Stevens is perhaps best known for his proposal of a theory that answers the question: Why are the sounds of the world's languages (their phonemes or segments) so similar to one another? On first learning a foreign language, one is struck by the remarkable differences that can exist between one language's sound system and that of any other. Stevens turned the student's perception on its head: rather than asking why languages are different, he asked, if the sound system of each language is completely arbitrary, why are languages so similar? His answer is the quantal theory of speech.[17] Quantal theory is supported by a theory of language change, developed in collaboration with Samuel Jay Keyser, which postulates the existence of redundant or enhancement features.[18]
Stevens' methodology in the investigation of speech sounds is organized into three steps. The first step is to use physics (mainly tube models) to model the shape of the articulators (e.g. the shapes of the front and back cavity, rounding or non-rounding of lips, etc). Based on the articulatory tube models, resonant frequencies can be calculated, which are the formant frequencies.
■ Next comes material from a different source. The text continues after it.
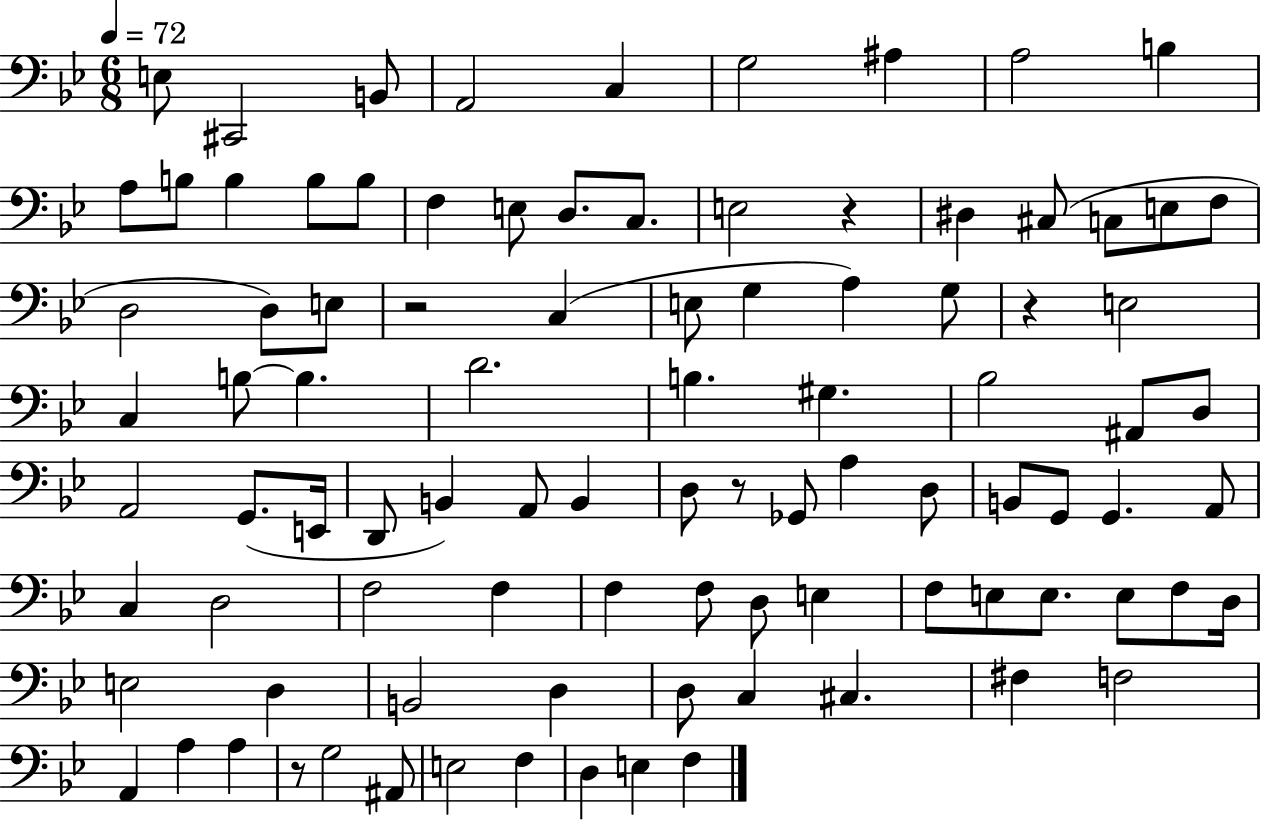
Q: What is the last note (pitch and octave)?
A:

Once the resonant frequencies are calculated, speech data are collected and analyzed to compare to theoretical calculations. This second stage is mainly experimental, where tokens of interest are usually recorded either in isolation, and/or embedded in a controlled carrier phrase, usually spoken by both several female/male native speakers of the language. The key to data collection is controlling for as many factors as possible so that the acoustic evidence of interest can be investigated with minimum amount of artifacts. The last stage in the investigation is to compare the data results with the theoretical predictions and to account for the differences that occur. Differences can sometimes be explained by the fact that tube models usually are simplified as to not account for loss due to softness of vocal walls (though resistors can be added to the theoretical model). Subglottal system might also affect the vocal tract productive system when the glottal opening is large (please see research on subglottal resonance on effects of speech). Theoretical model predictions can give general predictions about what one can expect to find in real speech, and evidence from real speech can also help refine the original model, and give better insight to the production of speech sounds.
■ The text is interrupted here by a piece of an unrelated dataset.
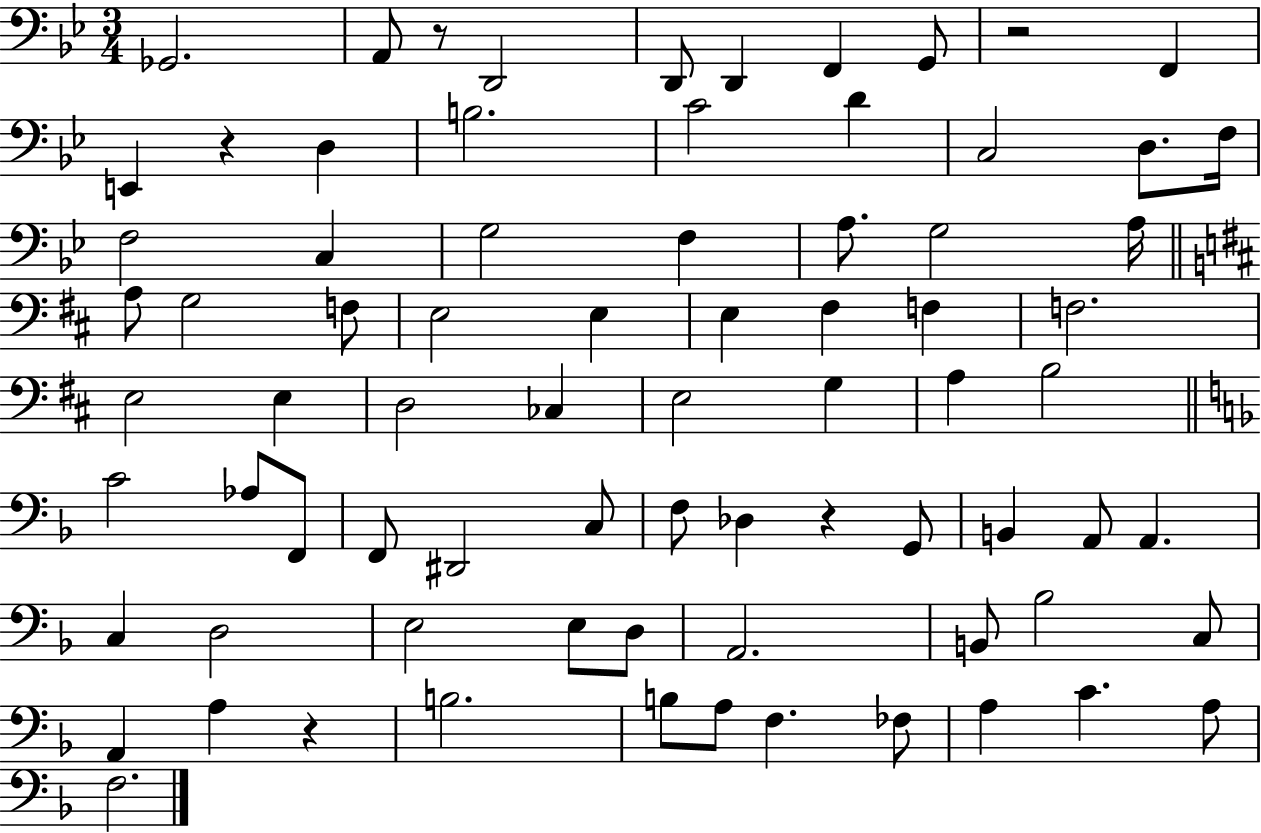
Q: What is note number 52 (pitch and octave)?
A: A2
Quantal theory aims to elegantly describe (using physics) and organize all the acoustic features of all possible sounds into a matrix. (See chapter five in Acoustics Phonetics) The ultimate constraint on all speech sounds is the physical articulatory system itself, thus supporting the claim that there can only be a finite set of sounds among languages. The reason that the set of speech sounds is finite is that while the movement of the articulators is continuous, only certain configurations tend to be articulatorily and/or acoustically stable, giving rise to fix frequencies for formants that form sounds that are relatively universal for all languages (i.e. vowels and consonants). Each acoustic sound can thus be described by a handful of defining features (usually binary). For example, lip-round (either on or off) is a feature. Tongue height (either high or low) is another feature. In addition to these defining features which serve as the essential description of the acoustic sounds, there are also enhancing features which help to make the sounds more recognizable. For each of these features, one can apply Stevens' methodology to first use a tube model to model the articulators, and predict the resonant frequencies, then collect data to examine the acoustic properties of that feature, and finally to reconcile with the theoretical model and summarize the acoustic properties of that feature.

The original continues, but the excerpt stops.